Not much to say apart from broken record time: that was a really, really funny episode. I think Kyoukai no Rinne must be one of the elite candidates to be poster child of overlooked and underrated anime, because it seems as if almost no one is paying much attention to it at all. I do like the fact that Takahashi Rumiko is in a position to write a series like this one where she clearly doesn’t give a fuck about sales, but I definitely wish this show (and the anime is definitely funnier than the manga) would get some credit.
One thing I especially want to point out is that Kyoukai no Rinne makes better comedic use of the narrator than any show I remember. Genda Tessyo is obviously a guy with great comedic chops and a jillion years of experience, but the way his dialogue is written has a lot to do with it, too. I mean, that whole “It’s a kotatsu” bit had me rolling on the floor. Especially when he said “This is important so I’ll repeat it again – it’s a kotatsu” (and then repeated the line later just for good measure).
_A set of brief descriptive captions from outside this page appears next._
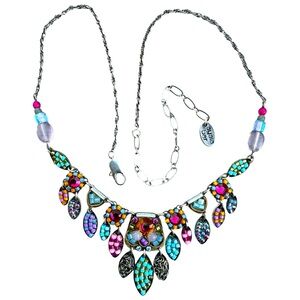 Vintage Signed AYALA BAR Artisan Multicolor Beaded Dangle Necklace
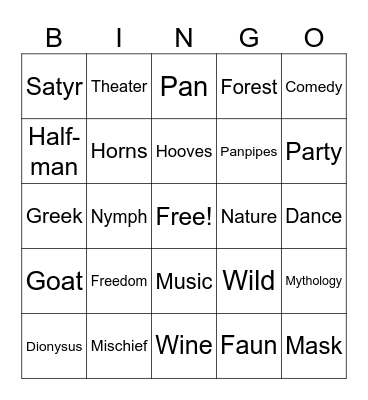 Satyr Bingo Card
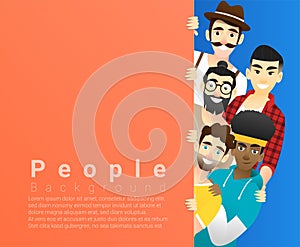 Diversity concept background , group of happy multi ethnic men standing behind empty colorful board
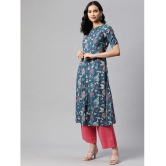 Vbuyz - Sea Green Cotton Womens Front Slit Kurti ( Pack of 1 ) - None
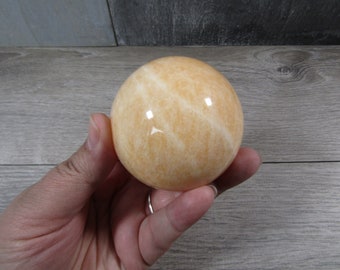 Orange Calcite Sphere 14.4 oz 66 mm #8407 cc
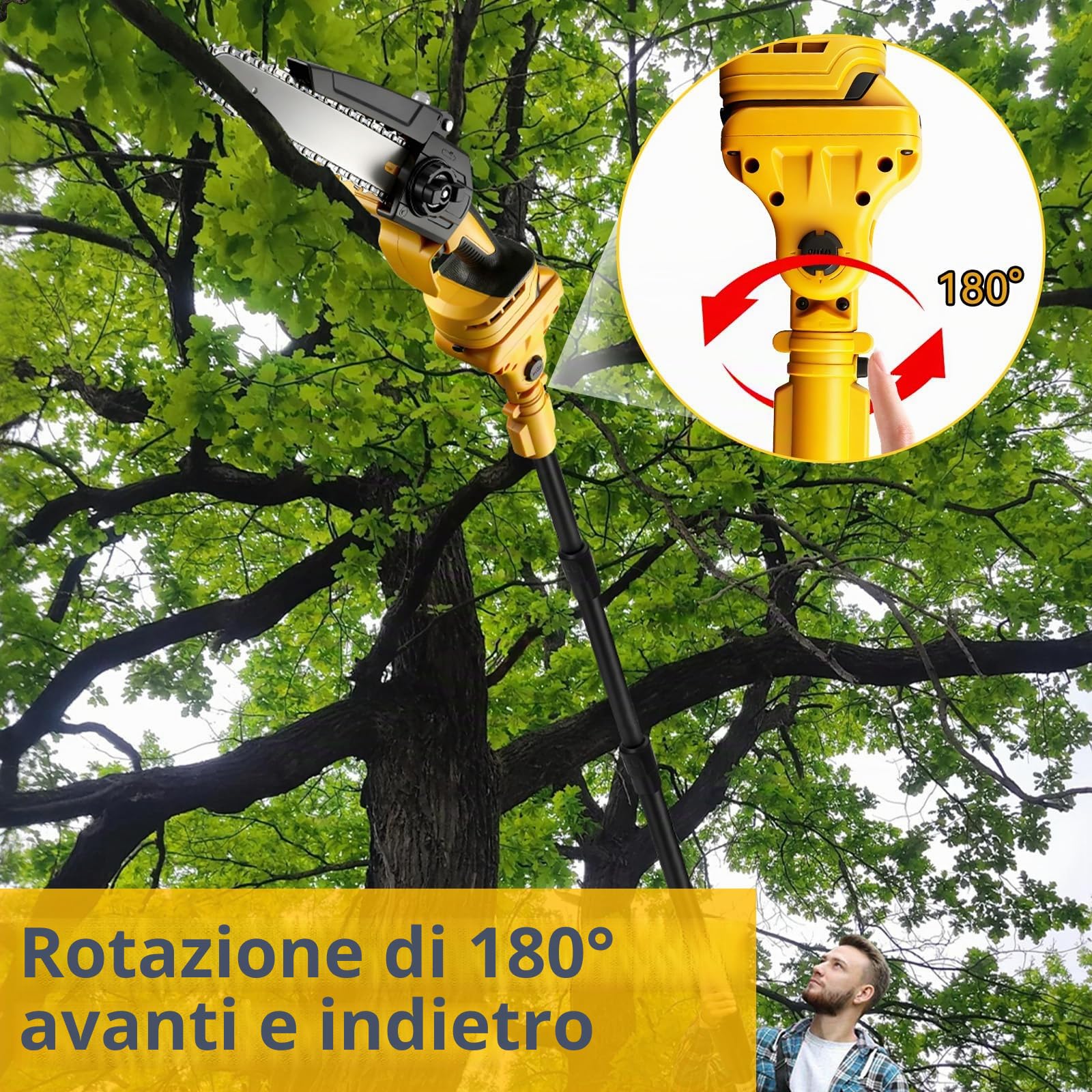 Roadtime Sega a catena telescopica a batteria 2 in 1 & 8 pollici per DeWalt 20 V (senza batteria), sega da potatura senza spazzole con 2 catene di ricambio, per rami degli alberi, taglio del legno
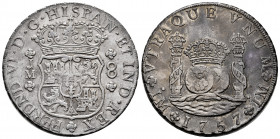 Ferdinand VI (1746-1759). 8 reales. 1757. Mexico. JM. (Cal-464). Ag. 26,94 g. Slightly cleaned. Pellet above the two LMA. Choice VF. Est...400,00. 
...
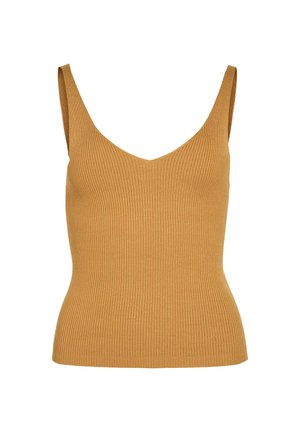 Débardeur en maille côtelée sans manches couleur camel avec un col en V profond et une silhouette ajustée.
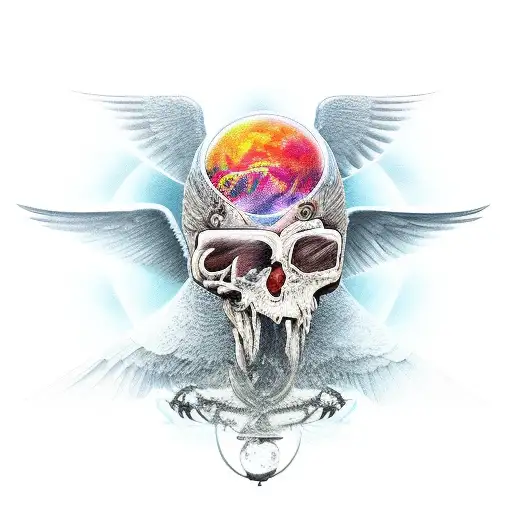 Cabeza de cuervo en cuerpo humano con alas  tattoo design idea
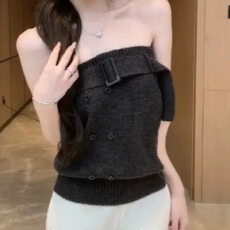 批发韩系复古双排扣针织抹胸背心女秋高级感小个子辣妹休闲风无袖上衣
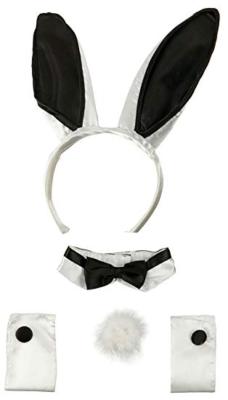 SEXY NAUGHTY BLACK WHITE BUNNY PLAY BOY COSTUME SET EARS COLLAR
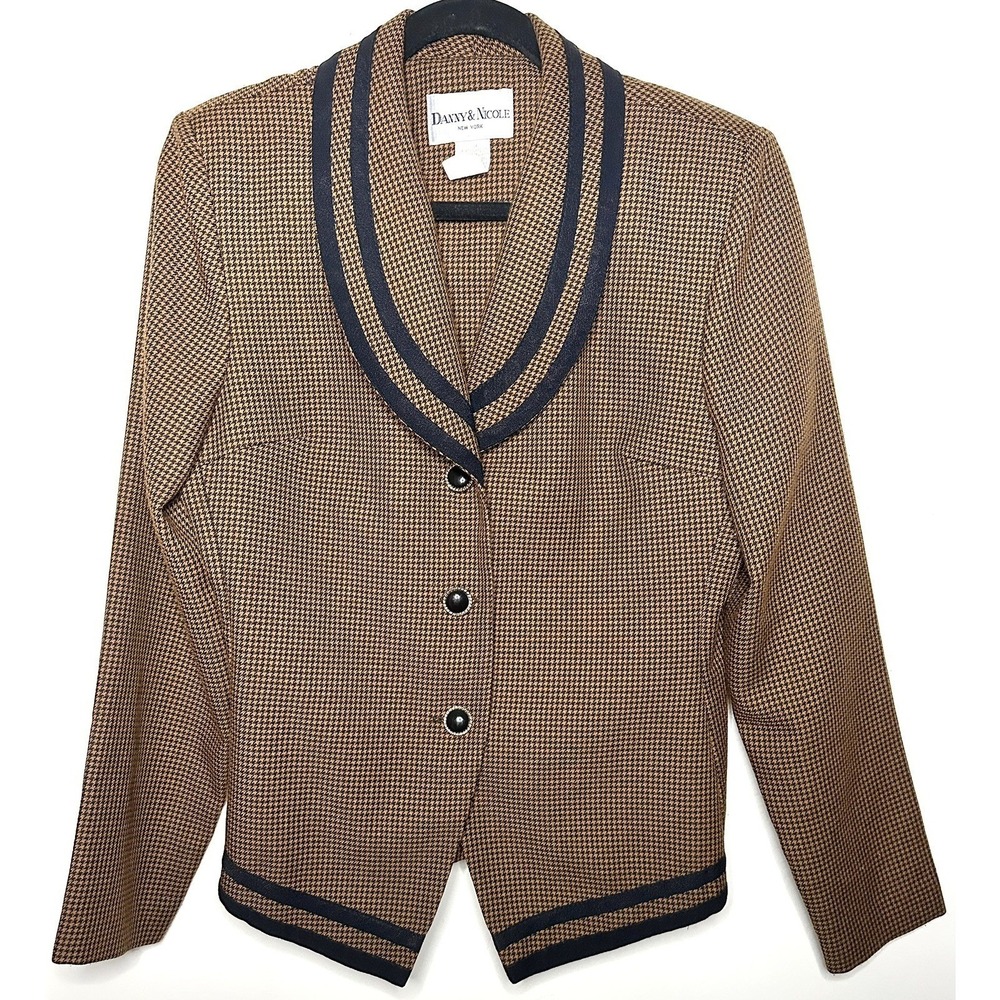 Vintage Danny & Nicole Houndstooth Blazer Women's 10 90s Classic Trim Old Money - Picture 1 of 7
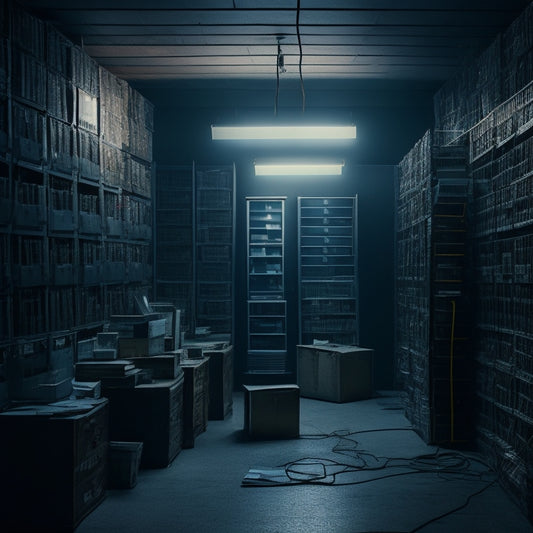 A futuristic, dimly lit archive room with rows of humming servers, tangled cables, and old floppy disks, surrounded by cracked, worn-out books and dusty, forgotten photographs.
The other comedic highlight of the episode was of course Ageha being Ageha – which is to say an idiot of historic proportions, even by anime standards. From getting suckered into buying a “friendship square” to consistently getting skunked by a cat at Old Maid (“Boku sugoi desu ka!”) so badly that even the cat felt guilty about it, Ageha is a world-class boob (with world-class boobs) any way you slice it. Things got so bad for her this week that I came very close to feeling sorry for her for the first time, but fortunately I managed to hold it back.
I think a Rinne take on a Christmas episode was just about what you’d expect – unabashedly sardonic and silly, with only just a dash of sentiment. First a house desperate to have a Christmas party despite having been abandoned, then a real one where everyone piles underneath Ageha’s friendship square (it’s a kotatsu) and foils her plan to play footsie with Rinne. I especially loved Rokumon’s frank admission to Ageha that he’d “treating her like kind of an idiot” and Rinne-kun’s desperate attempts to hang on to his precious ¥150 konbini cake. And thank goodness for afterlife extension cords – I guess no adapter is required.
In the end, after her deep humiliation at the
hands paws of Rokumon and frustration over losing out on her alone time with Rinne, Ageha does get some sympathy from the rest of the group (again a brilliant use of the Narrator here – “It’s actually a gaze of pity”) and a fuzzy green muffler from Mamiya Sakura’s mom. But to the end, Kyoukai no Rinne never lets itself slip into fuzzy green sincerity – it remains true to its deadpan, snarky self. And that’s why I love it.